Partout où se porte le regard, des paysages grandioses, des montagnes sublimes, que l’on finit par reconnaître et par appeler par leur petit nom, comme si elles devenaient des intimes. Dans cette quiétude, unique, qui est celle des sommets et qui justifie tous les efforts. Loin d’une civilisation qu’on espère rejoindre le plus tard possible.

On se raconte alors ce qu’on a vu, ces edelweiss au détour du câble et que tout le monde semble respecter, ces petites fleurs courageuses qui profitent de la moindre goutte d’eau pour s’installer sur une roche aride, la vieille échelle de bois datant d’il y a près de cent ans, qui donne idée des risques que prenaient les soldats en se déplaçant, le bout de vieux câble lui aussi centenaire, qui traînait dans un recoin, les nuages montant de la vallée et qui nous ont soudain engloutis, cette famille de bouquetins qui est passée près de nous...

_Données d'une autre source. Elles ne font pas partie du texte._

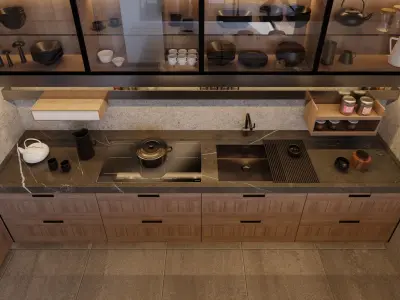 Arclinea - Principia Convivium - Timber Marble L-Shape Kitchen 3D model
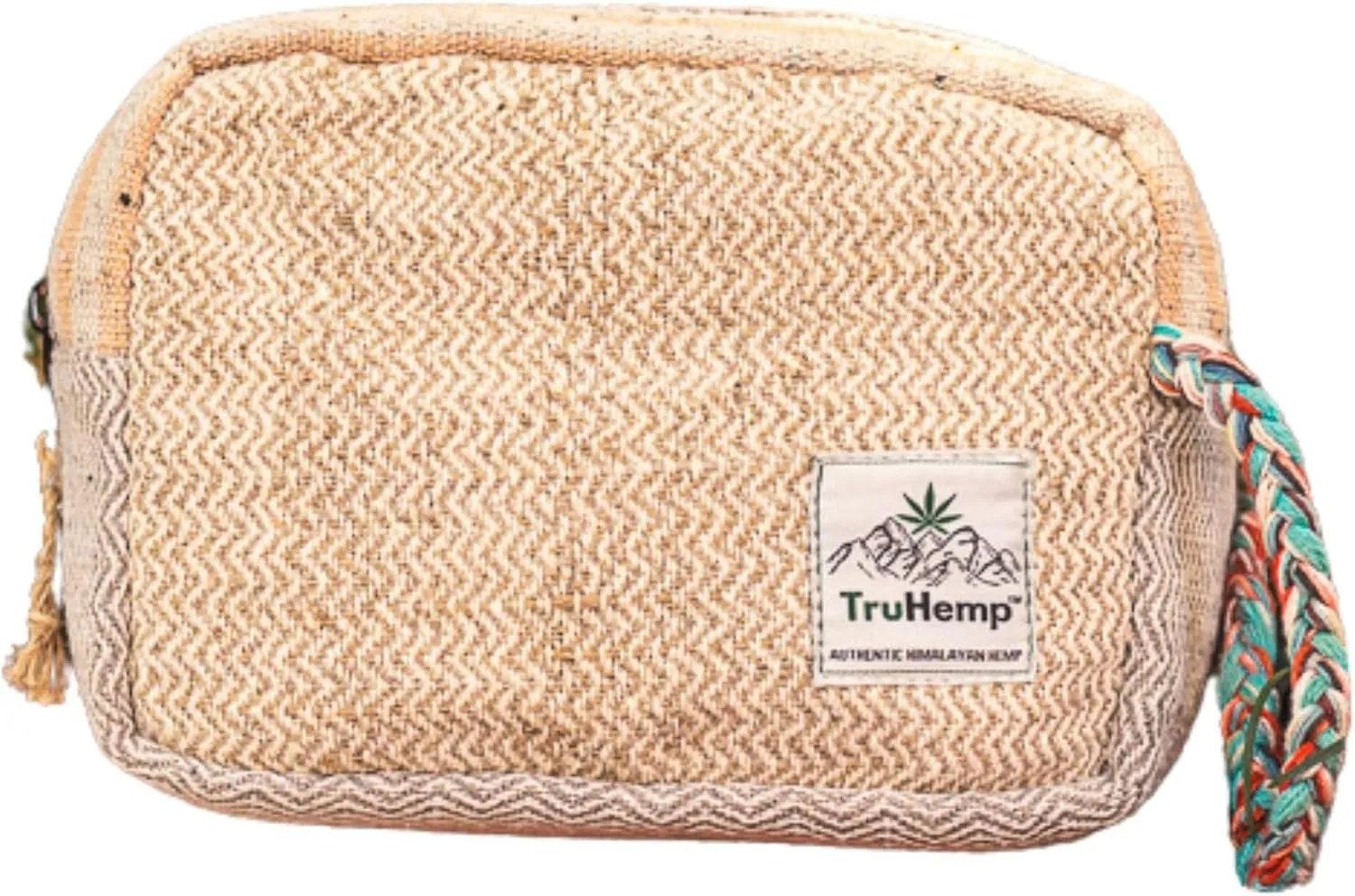Himalayan Hemp Toiletry Kit  Natural Hemp Travel Pouch with Spacious Storage, Dual Zipper Compartments, Soft Cotton Lining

Puis vient le moment de la descente, la longue, longue, longue descente dans des pierriers escarpés puis des alpages tranquilles où flottent de lointains tintements de cloches de vaches, parfois couverts par le cri strident d’une marmotte prévenant ses congénères de notre passage.

Et, en bas, nous attend l’ultime récompense : la traditionnelle "birra grande", ce grand verre de bière italienne qui, après tant d’efforts et d’émotions, nous semble aussi bonne que l’eau de la source, bue quelques heures plus tôt et quelques centaines de mètres plus haut et qui nous a tant désaltérés.